Given a set of non-overlapping intervals, insert a new interval into the intervals (merge if necessary).

You may assume that the intervals were initially sorted according to their start times.

Example 1:
Given intervals [1,3],[6,9], insert and merge [2,5] in as [1,5],[6,9].

Example 2:
Given [1,2],[3,5],[6,7],[8,10],[12,16], insert and merge [4,9] in as [1,2],[3,10],[12,16].

This is because the new interval [4,9] overlaps with [3,5],[6,7],[8,10].

Solution:

Since the intervals are sorted, we can do:

1. Go through the list, if an interval ends before the new interval, skip it.

2. Now we meet an interval that has overlap with the new interval. We remove it from the list, merge it with new interval.

3. We meet an interval that starts after the new interval. So we simply insert new interval before it.
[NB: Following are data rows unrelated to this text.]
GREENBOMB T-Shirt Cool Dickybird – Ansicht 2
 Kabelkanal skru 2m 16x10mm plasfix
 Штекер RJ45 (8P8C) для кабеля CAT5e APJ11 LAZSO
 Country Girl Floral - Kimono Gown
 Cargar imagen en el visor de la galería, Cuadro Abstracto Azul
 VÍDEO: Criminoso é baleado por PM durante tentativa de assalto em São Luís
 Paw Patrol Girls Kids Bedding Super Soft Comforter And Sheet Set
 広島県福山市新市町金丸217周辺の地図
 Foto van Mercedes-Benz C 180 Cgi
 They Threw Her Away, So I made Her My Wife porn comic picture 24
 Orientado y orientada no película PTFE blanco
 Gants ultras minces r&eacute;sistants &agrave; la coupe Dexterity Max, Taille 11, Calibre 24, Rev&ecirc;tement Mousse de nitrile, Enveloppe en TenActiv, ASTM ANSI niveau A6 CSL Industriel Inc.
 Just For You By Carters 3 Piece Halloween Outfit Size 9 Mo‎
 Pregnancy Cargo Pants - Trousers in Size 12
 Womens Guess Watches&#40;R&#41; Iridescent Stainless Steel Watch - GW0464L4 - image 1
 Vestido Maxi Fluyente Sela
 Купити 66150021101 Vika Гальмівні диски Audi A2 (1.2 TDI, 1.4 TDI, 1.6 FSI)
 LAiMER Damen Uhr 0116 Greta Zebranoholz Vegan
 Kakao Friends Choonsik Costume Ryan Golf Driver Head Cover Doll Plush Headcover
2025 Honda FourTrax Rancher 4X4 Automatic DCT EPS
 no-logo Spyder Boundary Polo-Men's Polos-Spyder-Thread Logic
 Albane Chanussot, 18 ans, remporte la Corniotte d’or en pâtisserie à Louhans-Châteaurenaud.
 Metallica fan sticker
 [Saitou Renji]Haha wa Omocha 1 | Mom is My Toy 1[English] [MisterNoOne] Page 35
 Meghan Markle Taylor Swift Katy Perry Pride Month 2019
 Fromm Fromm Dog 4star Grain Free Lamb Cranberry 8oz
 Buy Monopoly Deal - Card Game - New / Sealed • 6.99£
The time complexity is O(n) and space complexity is O(1).



Code:

/**
 * Definition for an interval.
 * public class Interval {
 *     int start;
 *     int end;
 *     Interval() { start = 0; end = 0; }
 *     Interval(int s, int e) { start = s; end = e; }
 * }
 */
public class Solution {
    public List<Interval> insert(List<Interval> intervals, Interval newInterval) {
        int i = 0;
        while (i < intervals.size() && intervals.get(i).end < newInterval.start) {
            i++;
        }
        while (i < intervals.size() && intervals.get(i).start <= newInterval.end) {
            newInterval.start = Math.min(intervals.get(i).start, newInterval.start);
            newInterval.end = Math.max(intervals.get(i).end, newInterval.end);
            intervals.remove(i);
        }
        intervals.add(i, newInterval);
        return intervals;
    }
}